## Directions
Retype the whole listing below exactly, keeping every picture out of it.

## Input data
◆ ◆ ◆ ◆ ◆ ◆ ◆
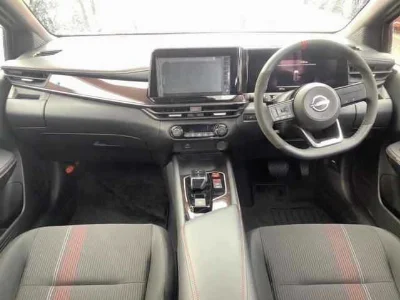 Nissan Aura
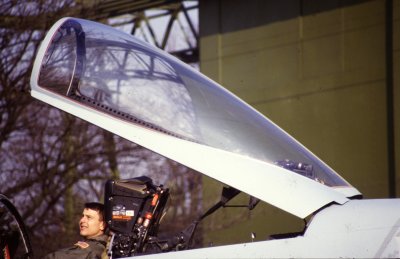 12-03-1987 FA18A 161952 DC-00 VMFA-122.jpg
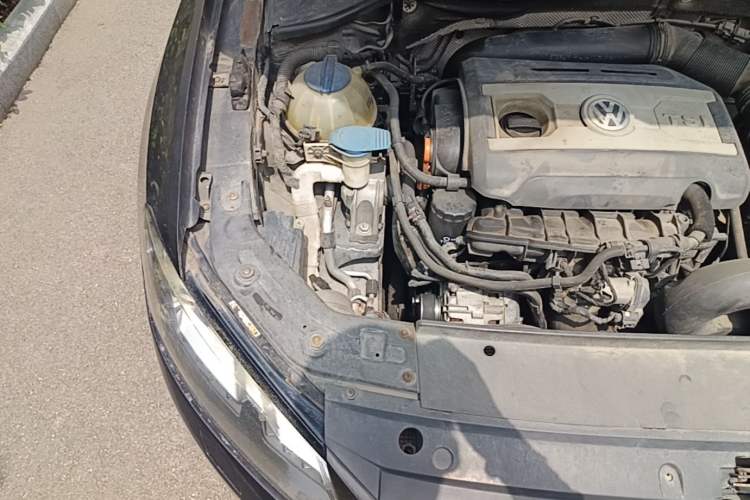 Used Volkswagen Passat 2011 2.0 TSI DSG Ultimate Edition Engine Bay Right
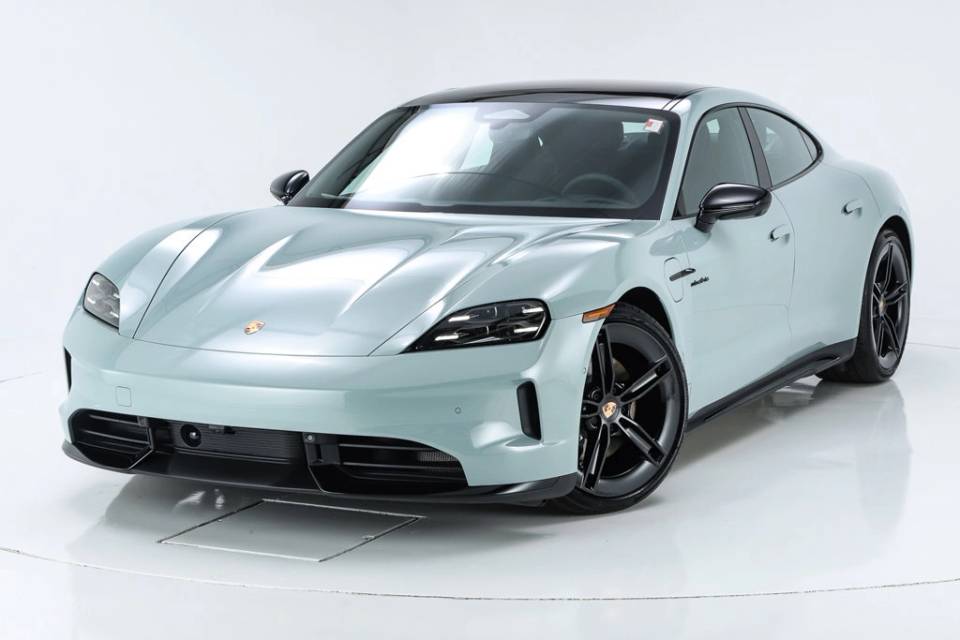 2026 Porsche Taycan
◆ ◆ ◆ ◆ ◆ ◆ ◆
## Solution below
 Nissan Aura
 12-03-1987 FA18A 161952 DC-00 VMFA-122.jpg
 Used Volkswagen Passat 2011 2.0 TSI DSG Ultimate Edition Engine Bay Right
 2026 Porsche Taycan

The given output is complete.